I have as yet never gone a step to see a literary lion; but Emerson, this pioneer in the moral woods of the New World, who sets his ax to the roots of the old trees to hew them down, and to open the path for new planting-I would go a considerable way to see this man. And see him I will-him who, in a society as strictly evangelical as that of Massachusetts and Boston (Emerson was the minister of a Unitarian congregation in Boston), had the courage openly to resign his ministration, his church, and the Christian faith, when he had come to doubt of its principal doctrines; who was noble enough, nevertheless, to retain universal esteem and old friends; and strong enough, while avoiding all polemical controversy and bitterness of speech, to withdraw into silence, to labor alone for that truth which he fully acknowledged, for those doctrines which the heathen and the Christian alike acknowledge. Emerson has a right to talk about strength and

truth, because he lives for these virtues. And it will benefit the world, which is slumbering in the Church from the lack of vital Christianity, to be roused up by such fresh winds from the Himalaya of heathenism. But how can Emerson overlook -? Yet I will not ask about Would that many were

Emerson is just and true.

like him!

But now I must tell you something of my late doings in society. Miss Catherine Sedgwick, the author of "Redwood," came here, together with her young niece, Susan, a few days after my arrival. Mr. Downing, who greatly esteems her, wished me to make her acquaintance. She is between fifty and sixty, and her countenance indicates a very sensible, kind, and benevolent character. Her figure is beautifully feminine, and her whole demeanor womanly, sincere, and frank, without a shadow of affectation. I felt my soul a little slumbrous while with her for the first few days; but this feeling was, as it were, blown quite away in a moment by a touching and beautiful expression of cordiality on her side, which revealed us to each other; and since then I have felt that I could live with her as with a heavenly soul, in which one has the most undoubting trust. I derived pleasure, also, from her highly sensible conversation, and from her truly womanly human sympathies. She has a true and gentle spirit; and I feel that I could really depend upon her. Of late years she has written much for what I will call the people of lower degree in society; because here, where almost every person works for their living, one can not properly speak of a working class, but quite correctly of people of small means and narrow circumstances-a class which has not yet worked itself up. Franklin, himself a workman, and one who worked himself upward, wrote for this class. Miss Sedgwick writes for the same; and her little novels and stories are much liked, and produce a great deal of good. People praise, in particular, a story called

"Home," which I shall endeavor to read.

Miss Sedgwick

was at this time occupied in preparing a new edition of her collected works. She consulted me about some proposed alterations in some of these works, and I told her that I, for my own part, never would alter any thing in the works which I had written long since, even where I saw their faults, and could easily correct them; because, where an author lives and writes through a long course of years, his or her works constitute a history of that author's development, which ought to remain unaltered as a history in itself, alike instructive to him as to others. An author's works are portions of an autobiography, which he must write whether he will or not.

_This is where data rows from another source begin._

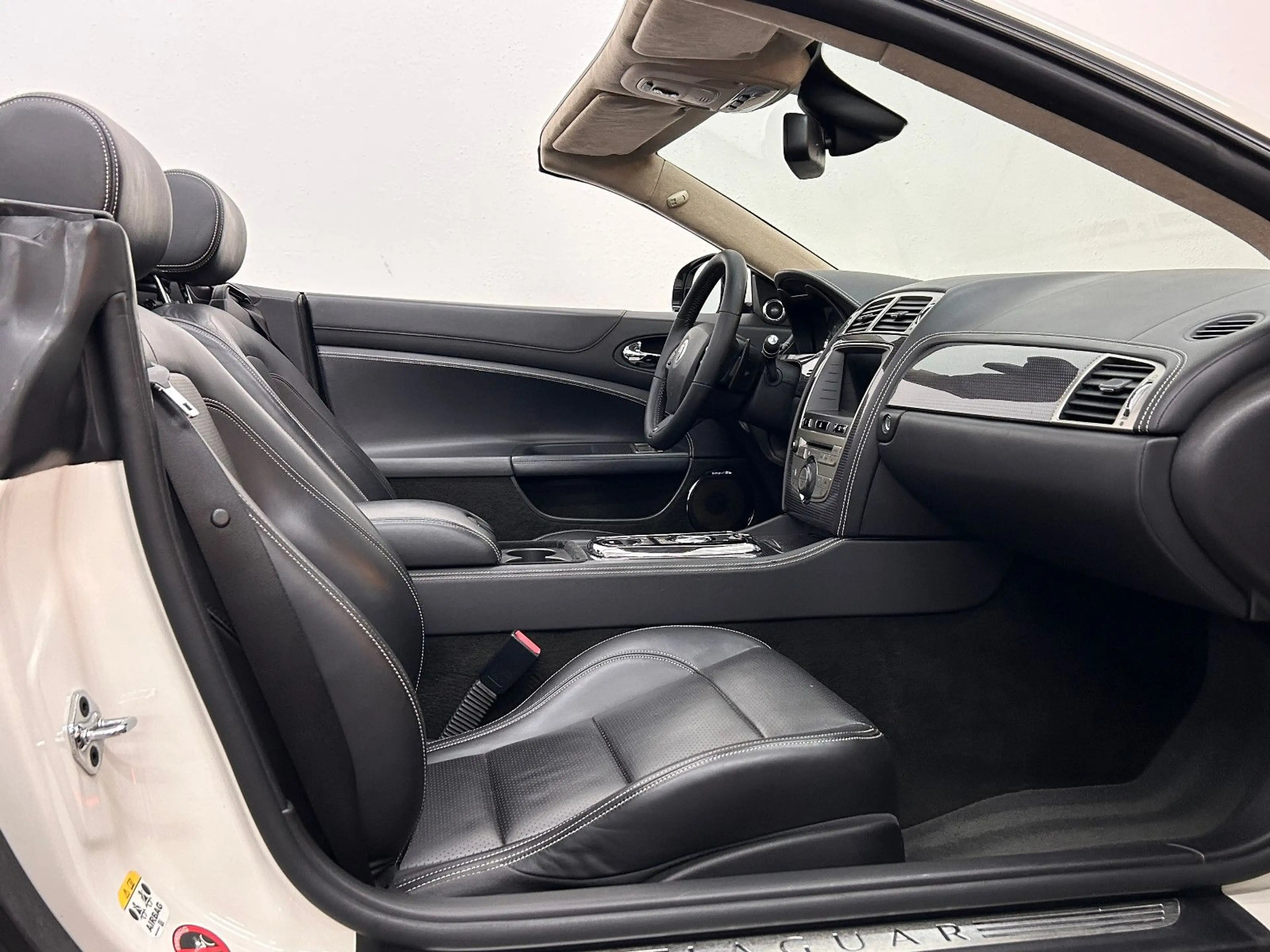 Jaguar XKR 5.0 V8 Cabriolet - Deutsches Fzg.! — photo 14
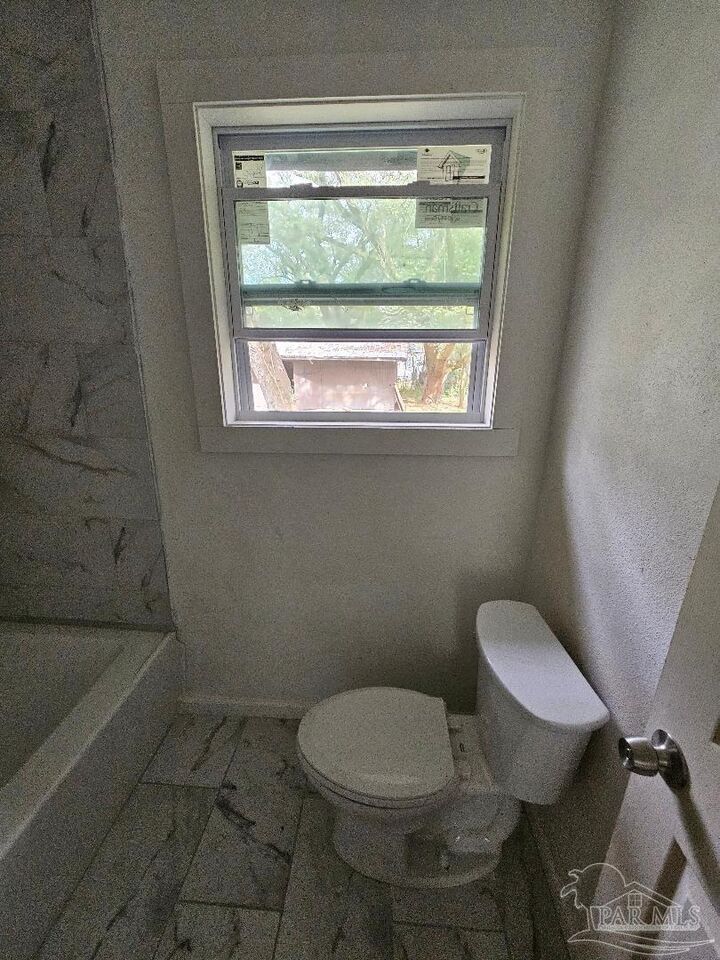 Property Photo: 26 Kennington Dr FL 32507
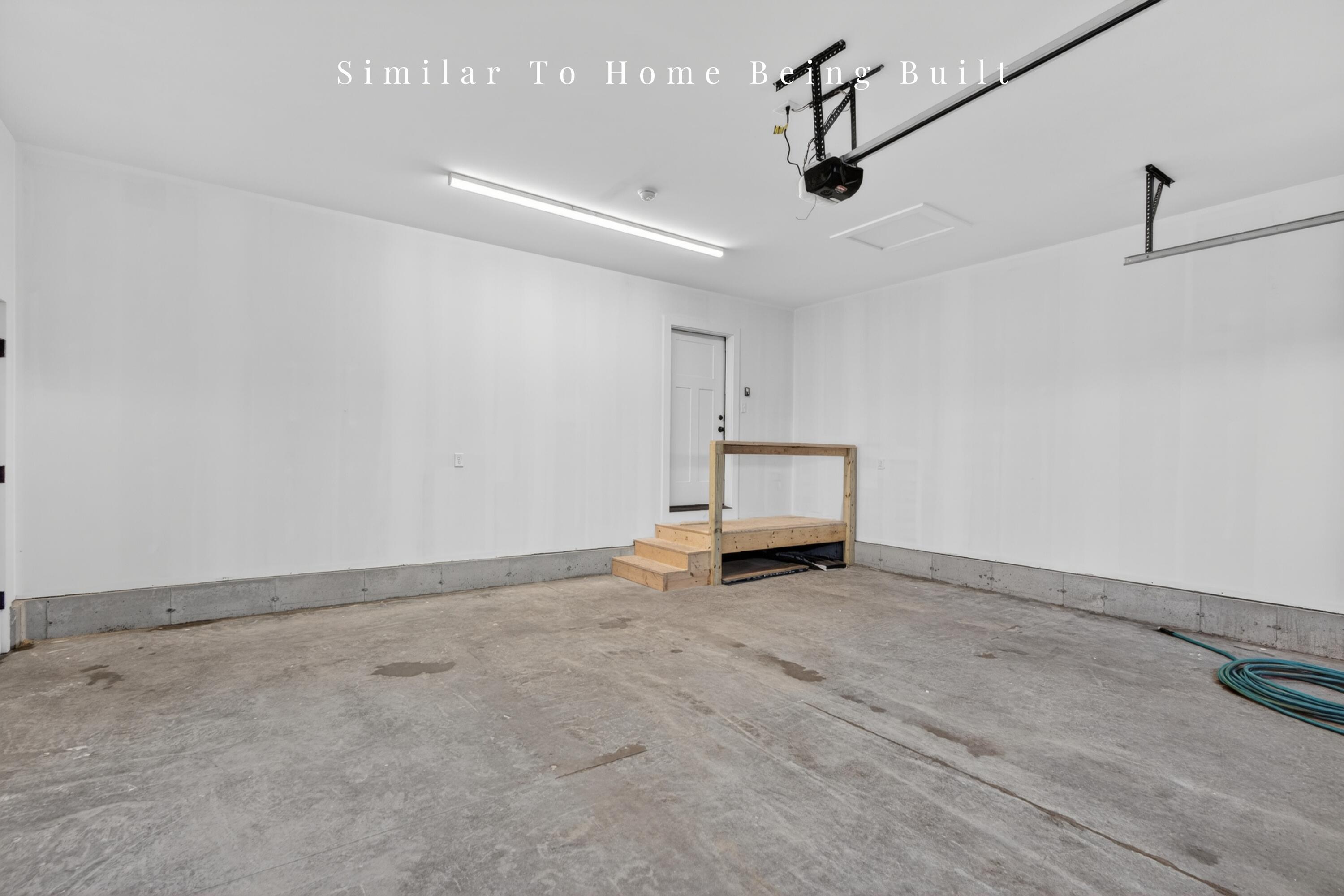 17 Middle Road Kennebunk ME 04043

Miss Sedgwick invited me to her house in Lenox, in the western part of Massachusetts, during the next summer, and promised to visit with me a Shaker establishment in New Lebanon, which lies at no great distance from her house.

While Miss Sedgwick has been here the Downings have made an excursion with us to the top of South Beacon, one of the highest hills in the highlands of this district. Mr. Downing drove me, and for this mountain road a skillful driver and a good horse were really needful, because the road was steep, and rather an apology for a road than any thing else. But we stumbled and struggled over stock and stone in our light carriage, until we had ascended about nine hundred feet, and from the top of the woodcovered hill looked down upon half the world, as it seemed to me, but which presented the appearance of a billowy chaos of wooded heights and valleys, in which human dwellings were visible merely as specks of light, scarcely discernible to the naked eye. Man, so great in his suffering, in his combat, vanished into nothing, seen from this material hilltop, and therefore I thought not about him. That which was most refreshing to me in this landscape was the view of the Hudson, which, like a clear

thought bursting from chaos, makes for itself a path through the woods, and flows brilliantly forth into the infinite. Our party was a little too large and a little too merry for me. I know not how it is that a thoughtful silence should always come over me in such gay parties amid natural scenes. And here I ought to have been alone with the magnificence of Nature. One little moment, partly alone and partly with Mr. Downing, who knows how to be gay and jocular with the gay, and silent with the silent, was to me the crowning luxury of the excursion, during which there was no lack of Champagne and joke, and more substantial fare yet for the palate, together with polite gentlemen and lovely ladies, both young and old. Yes, lovely ladies there certainly are here, but rather pretty and delicate than, properly speaking, beautiful. A really beautiful woman I have not yet seen here, but neither have I seen a single ill-favored countenance or deformed person. That which especially pleases me is the easy, unembarrassed, and yet modestly kind intercourse which exists between the young of both sexes.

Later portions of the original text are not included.